Home Capital held C$25. 7 billion of mortgages as of last year, of which about C$2.2 billion were commercial. The company is Canada's leading mortgage lender to residential homeowners with less-than-stellar credit ratings.
The company said in a statement that proceeds from the sale, which is expected to close in the third quarter, will be used to pay down a high-cost, C$2 billion emergency loan the lender arranged in April in the wake of a sudden exodus of deposits. As of this week, the company said it has borrowed C$1.65 billion under the loan.
The expensive loan was struck with a Toronto pension fund, which is charging 10.2% in interest and fees for the one-year loan.
Home Capital's deposit flight was triggered by allegations from Canada's leading securities regulator that the company and three top executives failed to properly disclose the full extent of mortgage-application fraud that the lender uncovered in 2014. The company and executives struck settlements last week to pay C$29.5 million to the regulator and shareholders belonging to a class-action lawsuit.

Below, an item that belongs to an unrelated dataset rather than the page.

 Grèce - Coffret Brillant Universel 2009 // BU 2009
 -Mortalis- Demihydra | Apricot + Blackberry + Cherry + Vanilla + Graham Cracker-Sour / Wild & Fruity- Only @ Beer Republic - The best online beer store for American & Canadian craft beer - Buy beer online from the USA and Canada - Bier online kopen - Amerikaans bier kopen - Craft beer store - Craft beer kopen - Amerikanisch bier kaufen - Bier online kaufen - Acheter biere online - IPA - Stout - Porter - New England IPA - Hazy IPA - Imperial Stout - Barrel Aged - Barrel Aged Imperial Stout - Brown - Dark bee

Home Capital's woes have attracted widespread investor interest because of the dramatic increase in prices in the Toronto-area housing market in the past several years, where most of Home Capital's mortgages are based. Recently, the pace of home sales in the region has slowed in the wake of Ontario government initiatives to temper real-estate speculation.
A spokeswoman for Canadian Finance Minister Bill Morneau said Tuesday the government was "encouraged by market developments" related to Home Capital. She added Mr. Morneau and government officials continue to closely monitor developments at Home Capital.
Earlier this month, Bank of Canada Gov. Stephen Poloz tried to quell concerns that Home Capital's woes reflected an underlying malaise in Canada's mortgage-finance system. He said the situation at Home Capital was due to "firm-specific factors," and there were no signs of broader stress in the financial system.
Home Capital has replaced a number of directors on its board, which last month initiated a strategic review. According to people familiar with the review the company is in discussions with a variety of suitors who are seeking to buy some or most of the company's assets.
One bidder that has entered talks for a potential purchase of mortgages is the private-equity arm of Brookfield Asset Management Inc., according to a person familiar with the talks. Brookfield CEO Bruce Flatt said at the company's annual meeting last week that the company would consider a transaction with Home Capital if the terms are attractive.
A spokesman for Home Capital declined to comment.